Wolfenstein: The Old Blood

Game review by
Chad Sapieha, Common Sense Media
Wolfenstein: The Old Blood Game Poster Image
Bloody prequel delivers lengthy but familiar solo mission.

Parents say

age 11+
Based on 2 reviews

Kids say

age 15+
Based on 4 reviews

A lot or a little?

The parents' guide to what's in this game.

Positive Messages

Glorifies bloody military, fantasy violence. 

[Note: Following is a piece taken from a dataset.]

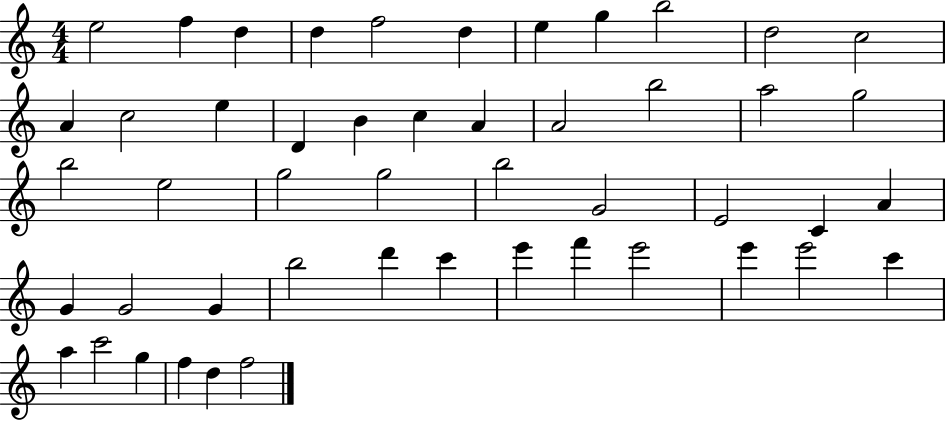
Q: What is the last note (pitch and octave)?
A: F5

Positive Role Models & Representations

B.J. is a noble, dedicated soldier with the moral high ground but spends the entire game engaged in frenetic fights, kills thousands of enemies.

Ease of Play

Five difficulty levels let players challenge themselves. Controls are easy to learn.

Violence

Players use pistols, rifles, machine guns, shotguns to kill Nazi soldiers, zombies. Enemy heads frequently explode in sprays of blood; explosions can turn foes into thick red mist. Knives, sharpened edge of a broken pipe frequently used to stab enemies in the neck, head. A huge creature bites a character's head off. 

Sex
Language

Infrequent but strong, including "s--t," "f--k," and "goatf--ker."

Consumerism

Part of the decades-old series of Wolfenstein games. Could make players want to seek out older entries, associated paraphernalia.

Drinking, Drugs & Smoking

Several characters depicted as drunk. The player's character forced to drink a cup of wine.   

What parents need to know

Parents need to know that Wolfenstein: The Old Blood is a bloody downloadable first-person shooter set in an alternate world during the Second World War. Players take on the role of a U.S. Army veteran and use a variety of guns to fight Nazis obsessed with the occult as well as hordes of zombies. Blood and viscera litter the battlefield as players carve their way through thousands of enemies, frequently blowing off heads and sometimes even causing them to disintegrate in a red mist. Spoken dialogue and text notes contain strong language, including "f--k." Characters consume alcohol and appear drunk. This is a standalone expansion to Wolfenstein: The New Order; the original game is not necessary to play.

User Reviews

  • Parents say
  • Kids say
Teen, 13 years old Written byyoulouzer26 June 16, 2015

This game isn't that innapropiate

Wolfenstein the new order was much more inappropriate than this game. In this game you can take down people with guns and knives. The main reason this game is... Continue reading

What's it about?

WOLFENSTEIN: THE OLD BLOOD, a standalone expansion to Wolfenstein: The New Order, is set just before the events of the original game. Players once again step into the boots of series protagonist  B.J. Blazkowicz as he infiltrates Castle Wolfenstein in search of a folder that contains the whereabouts of General William "Deathshead" Strasse, the villain of the base game. The eight-chapter adventure puts him on the trail of the castle's commander, Helga von Schabbs, an archaeologist obsessed with an occult secret buried deep beneath the keep's neighboring town. Players are placed in a first-person perspective and use a variety of fantastical World War II-era weapons -- such as a silenced pistol and an oversize shotgun -- to kill their foes. It's meant to recall shooters from decades past, thanks partially to a health and armor system that requires players to constantly scavenge the battlefield for medpacks, helmets, and bits of metal to stay healthy and protected. There's no multiplayer, but as players work through the campaign they will unlock "challenge" levels that can be played to earn points and climb online leaderboards.

Is it any good?

Wolfenstein: The Old Blood feels less like an expansion and more like a complete game by itself. Clocking in at around seven or eight hours, its campaign is nearly as long as those of many popular shooters and delivers a legitimately entertaining story complete with a very likable, wisecracking protagonist (when a companion asks B.J. why monster-like human enemies are attacking them, he responds matter-of-factly, "'Cause their brains got broke"). With dozens of collectibles, plenty of performance-enhancing perks to unlock, and bonus challenges to try once the campaign is over, there's plenty of value here.

That said, fans of the original may find the expansion a bit too familiar. It offers no apparent improvement in graphics, employs similarly styled maps that have a habit of making it difficult to figure out how to move forward, and sometimes fails to make the most of good opportunities -- such as a drivable mech late in the game that appears wonderfully powerful, but you never really do much with it. Still, the combat is solid, and dispatching endless waves of evil Nazis is about as guilt-free as shooters get. There are certainly worse ways older gamers who enjoy first-person shooters could spend $20.

Talk to your kids about ...

  • Families can talk about the impact of violence in media. When playing a game like this do you have a stronger reaction to the intense violence at the start of the game as opposed to later on? If so, why do you think that might be? If not, why not?

  • Discuss the Second World War. What did Germany's Nazi party represent? What traits are shared between the Nazis of history and the Nazis who appear in this game? How are they different?